EXERCISE »
In the entries below, find the line with "宝工8PK-611W防静电无线手环人体去除静电维修车间工业静电环腕带" and print exactly every line from there up to and including the line with "Volvo XC60 B5", with no other lines.

[Records contained in a dataset]
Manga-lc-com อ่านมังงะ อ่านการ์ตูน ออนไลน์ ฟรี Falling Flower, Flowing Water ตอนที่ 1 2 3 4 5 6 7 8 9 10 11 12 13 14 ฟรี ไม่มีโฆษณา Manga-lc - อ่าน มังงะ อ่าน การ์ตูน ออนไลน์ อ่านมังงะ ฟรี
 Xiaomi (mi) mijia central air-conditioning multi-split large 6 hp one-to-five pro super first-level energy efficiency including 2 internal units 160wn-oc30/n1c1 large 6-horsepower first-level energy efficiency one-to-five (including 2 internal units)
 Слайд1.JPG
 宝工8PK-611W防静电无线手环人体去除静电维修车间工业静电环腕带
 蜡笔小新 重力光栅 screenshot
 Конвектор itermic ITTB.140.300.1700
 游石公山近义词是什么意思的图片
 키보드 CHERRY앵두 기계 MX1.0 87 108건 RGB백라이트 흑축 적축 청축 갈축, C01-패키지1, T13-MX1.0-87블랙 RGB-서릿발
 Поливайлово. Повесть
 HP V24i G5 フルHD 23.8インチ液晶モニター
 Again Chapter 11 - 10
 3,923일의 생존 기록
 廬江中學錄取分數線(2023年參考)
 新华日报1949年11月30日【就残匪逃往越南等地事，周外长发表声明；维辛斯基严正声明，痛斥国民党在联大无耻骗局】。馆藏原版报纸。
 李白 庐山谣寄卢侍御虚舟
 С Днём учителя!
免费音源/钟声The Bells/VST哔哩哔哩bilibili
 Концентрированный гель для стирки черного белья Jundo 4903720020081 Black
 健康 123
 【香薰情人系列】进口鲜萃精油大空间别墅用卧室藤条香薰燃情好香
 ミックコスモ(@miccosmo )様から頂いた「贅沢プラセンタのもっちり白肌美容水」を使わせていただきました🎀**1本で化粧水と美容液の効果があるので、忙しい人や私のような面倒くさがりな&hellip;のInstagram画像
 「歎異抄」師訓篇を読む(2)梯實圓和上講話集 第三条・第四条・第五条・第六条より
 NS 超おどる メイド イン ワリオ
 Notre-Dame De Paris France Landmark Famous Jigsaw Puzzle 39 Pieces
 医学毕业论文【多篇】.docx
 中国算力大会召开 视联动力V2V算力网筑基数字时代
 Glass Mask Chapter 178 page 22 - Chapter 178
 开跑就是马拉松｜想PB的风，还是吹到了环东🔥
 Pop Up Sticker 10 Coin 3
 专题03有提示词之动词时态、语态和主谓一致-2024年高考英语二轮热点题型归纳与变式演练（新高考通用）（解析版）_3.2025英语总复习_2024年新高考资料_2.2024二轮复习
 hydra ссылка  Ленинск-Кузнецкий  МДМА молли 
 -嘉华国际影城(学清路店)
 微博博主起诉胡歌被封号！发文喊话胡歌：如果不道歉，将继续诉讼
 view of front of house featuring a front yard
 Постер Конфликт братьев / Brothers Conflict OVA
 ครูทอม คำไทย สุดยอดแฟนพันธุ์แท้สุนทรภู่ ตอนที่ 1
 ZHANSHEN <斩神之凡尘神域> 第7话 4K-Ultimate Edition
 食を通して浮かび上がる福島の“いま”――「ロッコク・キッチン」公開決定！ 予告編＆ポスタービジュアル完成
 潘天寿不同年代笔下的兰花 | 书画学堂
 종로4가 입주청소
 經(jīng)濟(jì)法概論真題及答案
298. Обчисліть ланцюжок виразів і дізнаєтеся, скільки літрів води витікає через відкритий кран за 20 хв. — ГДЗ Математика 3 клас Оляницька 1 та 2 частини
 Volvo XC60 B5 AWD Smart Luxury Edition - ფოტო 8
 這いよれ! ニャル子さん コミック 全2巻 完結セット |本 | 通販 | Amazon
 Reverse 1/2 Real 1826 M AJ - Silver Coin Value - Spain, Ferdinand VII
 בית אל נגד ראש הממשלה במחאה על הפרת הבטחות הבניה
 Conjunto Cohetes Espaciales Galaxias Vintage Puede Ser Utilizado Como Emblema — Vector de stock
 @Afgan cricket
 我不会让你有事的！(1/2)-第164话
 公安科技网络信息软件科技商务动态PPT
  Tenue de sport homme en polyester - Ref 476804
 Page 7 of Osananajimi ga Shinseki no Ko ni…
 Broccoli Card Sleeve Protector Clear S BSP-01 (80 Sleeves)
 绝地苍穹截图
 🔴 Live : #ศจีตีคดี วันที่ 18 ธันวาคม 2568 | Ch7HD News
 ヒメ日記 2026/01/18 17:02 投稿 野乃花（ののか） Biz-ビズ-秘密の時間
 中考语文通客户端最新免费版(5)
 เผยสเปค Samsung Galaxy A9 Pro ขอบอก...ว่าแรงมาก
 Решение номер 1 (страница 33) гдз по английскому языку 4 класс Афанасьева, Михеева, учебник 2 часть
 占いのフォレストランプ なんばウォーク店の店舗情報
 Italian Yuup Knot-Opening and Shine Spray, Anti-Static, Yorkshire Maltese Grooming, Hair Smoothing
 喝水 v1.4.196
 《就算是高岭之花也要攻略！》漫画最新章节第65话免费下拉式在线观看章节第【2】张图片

PROBLEM SOLUTION »
 宝工8PK-611W防静电无线手环人体去除静电维修车间工业静电环腕带
 蜡笔小新 重力光栅 screenshot
 Конвектор itermic ITTB.140.300.1700
 游石公山近义词是什么意思的图片
 키보드 CHERRY앵두 기계 MX1.0 87 108건 RGB백라이트 흑축 적축 청축 갈축, C01-패키지1, T13-MX1.0-87블랙 RGB-서릿발
 Поливайлово. Повесть
 HP V24i G5 フルHD 23.8インチ液晶モニター
 Again Chapter 11 - 10
 3,923일의 생존 기록
 廬江中學錄取分數線(2023年參考)
 新华日报1949年11月30日【就残匪逃往越南等地事，周外长发表声明；维辛斯基严正声明，痛斥国民党在联大无耻骗局】。馆藏原版报纸。
 李白 庐山谣寄卢侍御虚舟
 С Днём учителя!
免费音源/钟声The Bells/VST哔哩哔哩bilibili
 Концентрированный гель для стирки черного белья Jundo 4903720020081 Black
 健康 123
 【香薰情人系列】进口鲜萃精油大空间别墅用卧室藤条香薰燃情好香
 ミックコスモ(@miccosmo )様から頂いた「贅沢プラセンタのもっちり白肌美容水」を使わせていただきました🎀**1本で化粧水と美容液の効果があるので、忙しい人や私のような面倒くさがりな&hellip;のInstagram画像
 「歎異抄」師訓篇を読む(2)梯實圓和上講話集 第三条・第四条・第五条・第六条より
 NS 超おどる メイド イン ワリオ
 Notre-Dame De Paris France Landmark Famous Jigsaw Puzzle 39 Pieces
 医学毕业论文【多篇】.docx
 中国算力大会召开 视联动力V2V算力网筑基数字时代
 Glass Mask Chapter 178 page 22 - Chapter 178
 开跑就是马拉松｜想PB的风，还是吹到了环东🔥
 Pop Up Sticker 10 Coin 3
 专题03有提示词之动词时态、语态和主谓一致-2024年高考英语二轮热点题型归纳与变式演练（新高考通用）（解析版）_3.2025英语总复习_2024年新高考资料_2.2024二轮复习
 hydra ссылка  Ленинск-Кузнецкий  МДМА молли 
 -嘉华国际影城(学清路店)
 微博博主起诉胡歌被封号！发文喊话胡歌：如果不道歉，将继续诉讼
 view of front of house featuring a front yard
 Постер Конфликт братьев / Brothers Conflict OVA
 ครูทอม คำไทย สุดยอดแฟนพันธุ์แท้สุนทรภู่ ตอนที่ 1
 ZHANSHEN <斩神之凡尘神域> 第7话 4K-Ultimate Edition
 食を通して浮かび上がる福島の“いま”――「ロッコク・キッチン」公開決定！ 予告編＆ポスタービジュアル完成
 潘天寿不同年代笔下的兰花 | 书画学堂
 종로4가 입주청소
 經(jīng)濟(jì)法概論真題及答案
298. Обчисліть ланцюжок виразів і дізнаєтеся, скільки літрів води витікає через відкритий кран за 20 хв. — ГДЗ Математика 3 клас Оляницька 1 та 2 частини
 Volvo XC60 B5 AWD Smart Luxury Edition - ფოტო 8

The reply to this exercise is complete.